(Records excerpted from a collection)
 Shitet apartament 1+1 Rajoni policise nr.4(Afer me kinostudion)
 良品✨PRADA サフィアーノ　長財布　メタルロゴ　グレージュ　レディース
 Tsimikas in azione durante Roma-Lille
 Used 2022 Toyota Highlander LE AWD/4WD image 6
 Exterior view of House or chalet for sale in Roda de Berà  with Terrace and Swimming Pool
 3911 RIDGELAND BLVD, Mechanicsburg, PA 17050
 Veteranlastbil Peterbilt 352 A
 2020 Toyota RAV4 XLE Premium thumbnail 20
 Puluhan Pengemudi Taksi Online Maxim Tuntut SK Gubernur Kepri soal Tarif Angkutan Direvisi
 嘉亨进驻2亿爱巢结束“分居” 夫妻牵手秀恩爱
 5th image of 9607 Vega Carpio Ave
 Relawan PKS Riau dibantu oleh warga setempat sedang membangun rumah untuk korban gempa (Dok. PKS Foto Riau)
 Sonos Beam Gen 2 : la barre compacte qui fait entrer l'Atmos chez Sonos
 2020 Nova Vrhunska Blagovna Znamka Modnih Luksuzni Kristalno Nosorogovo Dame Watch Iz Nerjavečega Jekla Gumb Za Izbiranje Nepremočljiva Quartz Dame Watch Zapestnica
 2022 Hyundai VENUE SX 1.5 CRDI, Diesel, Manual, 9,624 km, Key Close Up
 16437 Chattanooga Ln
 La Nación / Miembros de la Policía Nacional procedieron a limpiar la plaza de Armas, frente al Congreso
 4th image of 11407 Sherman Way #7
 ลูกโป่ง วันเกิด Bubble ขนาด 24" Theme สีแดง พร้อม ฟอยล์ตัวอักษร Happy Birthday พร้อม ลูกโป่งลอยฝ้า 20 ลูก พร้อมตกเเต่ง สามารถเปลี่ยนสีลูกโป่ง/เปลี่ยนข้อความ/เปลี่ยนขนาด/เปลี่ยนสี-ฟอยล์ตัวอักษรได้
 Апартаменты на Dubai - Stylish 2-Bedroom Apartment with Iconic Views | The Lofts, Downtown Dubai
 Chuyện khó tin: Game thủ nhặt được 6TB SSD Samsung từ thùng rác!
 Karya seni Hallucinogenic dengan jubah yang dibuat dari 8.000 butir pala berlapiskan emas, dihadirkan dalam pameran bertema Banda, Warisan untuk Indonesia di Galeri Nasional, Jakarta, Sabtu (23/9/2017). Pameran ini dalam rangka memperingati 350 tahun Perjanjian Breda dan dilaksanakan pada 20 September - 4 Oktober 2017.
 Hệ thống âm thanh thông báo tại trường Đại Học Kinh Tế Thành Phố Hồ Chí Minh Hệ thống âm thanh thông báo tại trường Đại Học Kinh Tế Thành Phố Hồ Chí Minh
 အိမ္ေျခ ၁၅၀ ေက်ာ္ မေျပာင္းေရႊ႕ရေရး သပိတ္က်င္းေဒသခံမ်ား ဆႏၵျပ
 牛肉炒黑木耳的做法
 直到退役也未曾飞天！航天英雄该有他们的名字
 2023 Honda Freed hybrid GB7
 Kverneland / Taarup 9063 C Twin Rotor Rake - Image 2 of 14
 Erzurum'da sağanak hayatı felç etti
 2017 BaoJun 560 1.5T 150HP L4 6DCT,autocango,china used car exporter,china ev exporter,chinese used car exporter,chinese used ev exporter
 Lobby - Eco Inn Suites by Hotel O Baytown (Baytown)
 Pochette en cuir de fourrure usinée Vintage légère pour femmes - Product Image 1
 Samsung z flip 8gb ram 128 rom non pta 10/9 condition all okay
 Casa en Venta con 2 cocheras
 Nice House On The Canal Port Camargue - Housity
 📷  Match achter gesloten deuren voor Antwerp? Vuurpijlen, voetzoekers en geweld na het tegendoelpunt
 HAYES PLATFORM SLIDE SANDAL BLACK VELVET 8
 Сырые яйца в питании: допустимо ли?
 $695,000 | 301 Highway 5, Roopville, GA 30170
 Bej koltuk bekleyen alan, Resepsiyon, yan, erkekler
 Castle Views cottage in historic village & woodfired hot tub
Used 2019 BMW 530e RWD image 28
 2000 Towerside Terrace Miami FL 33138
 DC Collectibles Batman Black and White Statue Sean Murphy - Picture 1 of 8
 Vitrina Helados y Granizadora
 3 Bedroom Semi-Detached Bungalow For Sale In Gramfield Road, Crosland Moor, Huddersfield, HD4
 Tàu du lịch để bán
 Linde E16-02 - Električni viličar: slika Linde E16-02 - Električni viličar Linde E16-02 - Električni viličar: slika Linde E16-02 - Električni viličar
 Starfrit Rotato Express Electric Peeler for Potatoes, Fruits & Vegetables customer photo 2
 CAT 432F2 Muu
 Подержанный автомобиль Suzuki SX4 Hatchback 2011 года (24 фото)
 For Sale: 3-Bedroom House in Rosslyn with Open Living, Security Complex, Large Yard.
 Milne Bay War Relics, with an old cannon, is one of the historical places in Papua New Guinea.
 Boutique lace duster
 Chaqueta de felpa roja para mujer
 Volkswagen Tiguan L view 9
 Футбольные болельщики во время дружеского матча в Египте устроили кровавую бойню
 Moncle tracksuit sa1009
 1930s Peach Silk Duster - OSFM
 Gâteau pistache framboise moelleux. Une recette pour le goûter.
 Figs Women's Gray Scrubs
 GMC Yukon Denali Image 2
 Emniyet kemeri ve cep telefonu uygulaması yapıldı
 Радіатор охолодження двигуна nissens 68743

■ What needs to be done: With no alteration of any kind, give the data again in full.

■ Exercise solution:
 Shitet apartament 1+1 Rajoni policise nr.4(Afer me kinostudion)
 良品✨PRADA サフィアーノ　長財布　メタルロゴ　グレージュ　レディース
 Tsimikas in azione durante Roma-Lille
 Used 2022 Toyota Highlander LE AWD/4WD image 6
 Exterior view of House or chalet for sale in Roda de Berà  with Terrace and Swimming Pool
 3911 RIDGELAND BLVD, Mechanicsburg, PA 17050
 Veteranlastbil Peterbilt 352 A
 2020 Toyota RAV4 XLE Premium thumbnail 20
 Puluhan Pengemudi Taksi Online Maxim Tuntut SK Gubernur Kepri soal Tarif Angkutan Direvisi
 嘉亨进驻2亿爱巢结束“分居” 夫妻牵手秀恩爱
 5th image of 9607 Vega Carpio Ave
 Relawan PKS Riau dibantu oleh warga setempat sedang membangun rumah untuk korban gempa (Dok. PKS Foto Riau)
 Sonos Beam Gen 2 : la barre compacte qui fait entrer l'Atmos chez Sonos
 2020 Nova Vrhunska Blagovna Znamka Modnih Luksuzni Kristalno Nosorogovo Dame Watch Iz Nerjavečega Jekla Gumb Za Izbiranje Nepremočljiva Quartz Dame Watch Zapestnica
 2022 Hyundai VENUE SX 1.5 CRDI, Diesel, Manual, 9,624 km, Key Close Up
 16437 Chattanooga Ln
 La Nación / Miembros de la Policía Nacional procedieron a limpiar la plaza de Armas, frente al Congreso
 4th image of 11407 Sherman Way #7
 ลูกโป่ง วันเกิด Bubble ขนาด 24" Theme สีแดง พร้อม ฟอยล์ตัวอักษร Happy Birthday พร้อม ลูกโป่งลอยฝ้า 20 ลูก พร้อมตกเเต่ง สามารถเปลี่ยนสีลูกโป่ง/เปลี่ยนข้อความ/เปลี่ยนขนาด/เปลี่ยนสี-ฟอยล์ตัวอักษรได้
 Апартаменты на Dubai - Stylish 2-Bedroom Apartment with Iconic Views | The Lofts, Downtown Dubai
 Chuyện khó tin: Game thủ nhặt được 6TB SSD Samsung từ thùng rác!
 Karya seni Hallucinogenic dengan jubah yang dibuat dari 8.000 butir pala berlapiskan emas, dihadirkan dalam pameran bertema Banda, Warisan untuk Indonesia di Galeri Nasional, Jakarta, Sabtu (23/9/2017). Pameran ini dalam rangka memperingati 350 tahun Perjanjian Breda dan dilaksanakan pada 20 September - 4 Oktober 2017.
 Hệ thống âm thanh thông báo tại trường Đại Học Kinh Tế Thành Phố Hồ Chí Minh Hệ thống âm thanh thông báo tại trường Đại Học Kinh Tế Thành Phố Hồ Chí Minh
 အိမ္ေျခ ၁၅၀ ေက်ာ္ မေျပာင္းေရႊ႕ရေရး သပိတ္က်င္းေဒသခံမ်ား ဆႏၵျပ
 牛肉炒黑木耳的做法
 直到退役也未曾飞天！航天英雄该有他们的名字
 2023 Honda Freed hybrid GB7
 Kverneland / Taarup 9063 C Twin Rotor Rake - Image 2 of 14
 Erzurum'da sağanak hayatı felç etti
 2017 BaoJun 560 1.5T 150HP L4 6DCT,autocango,china used car exporter,china ev exporter,chinese used car exporter,chinese used ev exporter
 Lobby - Eco Inn Suites by Hotel O Baytown (Baytown)
 Pochette en cuir de fourrure usinée Vintage légère pour femmes - Product Image 1
 Samsung z flip 8gb ram 128 rom non pta 10/9 condition all okay
 Casa en Venta con 2 cocheras
 Nice House On The Canal Port Camargue - Housity
 📷  Match achter gesloten deuren voor Antwerp? Vuurpijlen, voetzoekers en geweld na het tegendoelpunt
 HAYES PLATFORM SLIDE SANDAL BLACK VELVET 8
 Сырые яйца в питании: допустимо ли?
 $695,000 | 301 Highway 5, Roopville, GA 30170
 Bej koltuk bekleyen alan, Resepsiyon, yan, erkekler
 Castle Views cottage in historic village & woodfired hot tub
Used 2019 BMW 530e RWD image 28
 2000 Towerside Terrace Miami FL 33138
 DC Collectibles Batman Black and White Statue Sean Murphy - Picture 1 of 8
 Vitrina Helados y Granizadora
 3 Bedroom Semi-Detached Bungalow For Sale In Gramfield Road, Crosland Moor, Huddersfield, HD4
 Tàu du lịch để bán
 Linde E16-02 - Električni viličar: slika Linde E16-02 - Električni viličar Linde E16-02 - Električni viličar: slika Linde E16-02 - Električni viličar
 Starfrit Rotato Express Electric Peeler for Potatoes, Fruits & Vegetables customer photo 2
 CAT 432F2 Muu
 Подержанный автомобиль Suzuki SX4 Hatchback 2011 года (24 фото)
 For Sale: 3-Bedroom House in Rosslyn with Open Living, Security Complex, Large Yard.
 Milne Bay War Relics, with an old cannon, is one of the historical places in Papua New Guinea.
 Boutique lace duster
 Chaqueta de felpa roja para mujer
 Volkswagen Tiguan L view 9
 Футбольные болельщики во время дружеского матча в Египте устроили кровавую бойню
 Moncle tracksuit sa1009
 1930s Peach Silk Duster - OSFM
 Gâteau pistache framboise moelleux. Une recette pour le goûter.
 Figs Women's Gray Scrubs
 GMC Yukon Denali Image 2
 Emniyet kemeri ve cep telefonu uygulaması yapıldı
 Радіатор охолодження двигуна nissens 68743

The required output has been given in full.